In those days, a sending off was the rarest of commodities, but as we saw with the resigned reaction to Freddie Steward’s dismissal at the Aviva Stadium, following the introduction of safety-based changes they are now commonplace.

With it being so much easier to get a red card – even for an unintentional act – unfortunately, it is inevitable in the dog-eat-dog world of professional sport that players and coaches will seek to take the opportunity to reduce their opponents’ numbers whenever an opportunity presents itself. 

After all, how often does a team that plays with 14 players for a prolonged period manage to win?

At the risk of turning this column into a trip down memory lane, I recall watching football on TV in the 1980s, and when being asked to comment on a British player staying down following a foul, pundits often would say: “One professional would never try to get another sent off.”

While this rule of thumb didn’t apply elsewhere in the world, when we occasionally saw an Italian or Spanish side in the European Cup, we all would enjoy the ridicule heaped upon their theatrics.

Forty years later, diving now is such an accepted part of football in every corner of the globe that a yellow card may be shown for simulation.

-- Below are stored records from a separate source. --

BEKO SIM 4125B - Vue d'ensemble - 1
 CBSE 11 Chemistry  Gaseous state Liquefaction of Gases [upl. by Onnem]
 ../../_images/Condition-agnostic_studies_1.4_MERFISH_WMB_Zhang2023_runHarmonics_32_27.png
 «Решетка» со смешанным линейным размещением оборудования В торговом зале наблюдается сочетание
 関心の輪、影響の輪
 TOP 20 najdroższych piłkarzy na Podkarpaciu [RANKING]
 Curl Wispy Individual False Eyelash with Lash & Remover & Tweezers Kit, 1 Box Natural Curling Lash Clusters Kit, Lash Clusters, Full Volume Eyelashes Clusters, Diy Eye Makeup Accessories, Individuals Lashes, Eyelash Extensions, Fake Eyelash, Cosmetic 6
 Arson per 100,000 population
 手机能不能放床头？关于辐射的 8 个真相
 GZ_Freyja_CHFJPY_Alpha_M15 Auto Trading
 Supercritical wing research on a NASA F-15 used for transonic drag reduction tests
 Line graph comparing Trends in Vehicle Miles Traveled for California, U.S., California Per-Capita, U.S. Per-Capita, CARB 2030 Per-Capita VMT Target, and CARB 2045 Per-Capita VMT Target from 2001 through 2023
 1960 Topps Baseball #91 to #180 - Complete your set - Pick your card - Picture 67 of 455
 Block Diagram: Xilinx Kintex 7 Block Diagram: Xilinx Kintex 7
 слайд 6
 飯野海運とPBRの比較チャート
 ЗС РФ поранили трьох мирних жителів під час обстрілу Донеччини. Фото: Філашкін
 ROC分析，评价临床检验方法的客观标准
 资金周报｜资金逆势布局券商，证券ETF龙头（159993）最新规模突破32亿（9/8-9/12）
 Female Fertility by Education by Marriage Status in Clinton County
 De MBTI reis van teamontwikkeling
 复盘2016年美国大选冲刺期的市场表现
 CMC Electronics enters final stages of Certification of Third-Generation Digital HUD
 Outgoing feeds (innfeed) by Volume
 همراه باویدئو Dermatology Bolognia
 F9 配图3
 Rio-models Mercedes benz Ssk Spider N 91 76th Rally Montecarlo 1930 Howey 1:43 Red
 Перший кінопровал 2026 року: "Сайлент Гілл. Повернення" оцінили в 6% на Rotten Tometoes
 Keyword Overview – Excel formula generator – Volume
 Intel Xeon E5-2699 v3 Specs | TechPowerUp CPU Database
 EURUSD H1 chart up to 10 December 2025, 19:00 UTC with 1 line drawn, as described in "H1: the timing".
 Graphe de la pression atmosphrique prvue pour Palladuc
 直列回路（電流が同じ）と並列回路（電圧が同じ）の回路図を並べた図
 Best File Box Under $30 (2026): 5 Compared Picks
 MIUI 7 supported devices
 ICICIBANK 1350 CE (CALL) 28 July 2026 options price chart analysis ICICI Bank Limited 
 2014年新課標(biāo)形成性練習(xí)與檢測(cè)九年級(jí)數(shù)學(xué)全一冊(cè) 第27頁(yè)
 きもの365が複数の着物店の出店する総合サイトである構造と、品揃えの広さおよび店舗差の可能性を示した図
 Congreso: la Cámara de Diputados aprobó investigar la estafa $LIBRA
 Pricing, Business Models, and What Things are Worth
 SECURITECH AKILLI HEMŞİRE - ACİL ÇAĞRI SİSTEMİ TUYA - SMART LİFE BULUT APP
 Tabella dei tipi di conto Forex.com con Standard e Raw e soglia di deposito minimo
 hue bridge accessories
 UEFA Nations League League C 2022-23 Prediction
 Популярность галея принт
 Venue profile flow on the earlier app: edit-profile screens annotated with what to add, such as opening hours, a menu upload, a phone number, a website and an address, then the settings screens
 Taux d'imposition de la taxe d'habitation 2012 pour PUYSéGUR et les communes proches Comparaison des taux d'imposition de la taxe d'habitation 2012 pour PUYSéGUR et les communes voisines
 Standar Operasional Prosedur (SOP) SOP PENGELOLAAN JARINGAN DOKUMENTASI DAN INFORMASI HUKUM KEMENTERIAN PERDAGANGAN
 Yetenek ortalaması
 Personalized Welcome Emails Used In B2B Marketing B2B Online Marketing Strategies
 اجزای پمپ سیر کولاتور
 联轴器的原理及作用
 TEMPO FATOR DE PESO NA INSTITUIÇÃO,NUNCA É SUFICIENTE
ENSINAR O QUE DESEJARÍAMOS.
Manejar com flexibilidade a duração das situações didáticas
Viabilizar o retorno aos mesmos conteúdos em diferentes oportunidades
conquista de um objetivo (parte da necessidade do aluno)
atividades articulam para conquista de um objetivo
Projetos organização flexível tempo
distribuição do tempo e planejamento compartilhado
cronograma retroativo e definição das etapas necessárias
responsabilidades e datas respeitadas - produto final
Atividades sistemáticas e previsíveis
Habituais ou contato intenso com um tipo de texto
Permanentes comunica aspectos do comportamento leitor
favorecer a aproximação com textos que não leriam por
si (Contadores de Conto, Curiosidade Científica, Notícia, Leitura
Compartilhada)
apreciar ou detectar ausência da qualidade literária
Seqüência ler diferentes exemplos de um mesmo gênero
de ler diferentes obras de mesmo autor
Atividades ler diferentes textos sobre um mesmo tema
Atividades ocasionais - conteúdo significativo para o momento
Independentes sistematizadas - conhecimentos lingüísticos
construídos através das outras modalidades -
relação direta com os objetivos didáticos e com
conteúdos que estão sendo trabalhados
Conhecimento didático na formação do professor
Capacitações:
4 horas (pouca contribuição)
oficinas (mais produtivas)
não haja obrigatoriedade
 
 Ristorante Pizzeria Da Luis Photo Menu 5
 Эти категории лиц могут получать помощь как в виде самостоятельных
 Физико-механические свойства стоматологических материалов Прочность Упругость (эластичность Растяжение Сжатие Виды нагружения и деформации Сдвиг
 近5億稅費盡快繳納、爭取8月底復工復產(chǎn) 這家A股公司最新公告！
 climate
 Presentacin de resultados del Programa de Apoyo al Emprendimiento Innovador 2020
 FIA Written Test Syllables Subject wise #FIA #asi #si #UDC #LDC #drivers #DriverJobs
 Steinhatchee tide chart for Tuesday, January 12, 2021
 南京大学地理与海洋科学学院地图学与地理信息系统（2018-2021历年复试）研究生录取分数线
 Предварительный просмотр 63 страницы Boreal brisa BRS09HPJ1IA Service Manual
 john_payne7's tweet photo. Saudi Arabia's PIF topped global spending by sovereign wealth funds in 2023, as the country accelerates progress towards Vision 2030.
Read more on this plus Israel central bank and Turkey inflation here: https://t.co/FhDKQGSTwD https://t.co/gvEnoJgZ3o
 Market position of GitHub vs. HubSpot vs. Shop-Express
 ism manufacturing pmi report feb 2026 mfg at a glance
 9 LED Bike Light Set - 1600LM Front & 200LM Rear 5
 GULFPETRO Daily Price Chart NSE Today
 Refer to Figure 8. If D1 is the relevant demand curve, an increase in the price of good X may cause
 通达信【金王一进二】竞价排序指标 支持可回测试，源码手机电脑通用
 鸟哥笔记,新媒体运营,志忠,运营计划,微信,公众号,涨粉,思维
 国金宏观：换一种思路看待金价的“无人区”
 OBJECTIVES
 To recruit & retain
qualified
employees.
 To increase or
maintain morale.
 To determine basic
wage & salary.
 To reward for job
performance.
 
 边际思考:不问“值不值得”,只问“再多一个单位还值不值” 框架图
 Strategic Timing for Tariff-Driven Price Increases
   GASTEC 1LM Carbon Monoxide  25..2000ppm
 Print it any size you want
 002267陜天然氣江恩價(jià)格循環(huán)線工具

Might rugby union be heading in the same direction?

An alternative angle on this is that only the presence of the TMO puts rugby in this position. 

I have covered around a dozen games this season in the English Championship and National One at Coventry and Birmingham Moseley and struggle to recall any penalties being awarded for dangerous play relating to head contact, while the only diving done is from the bar at the end of a long evening.

Does this, therefore, add further fuel to those who believe we need separate versions of the law book for the professional game and the rest of us?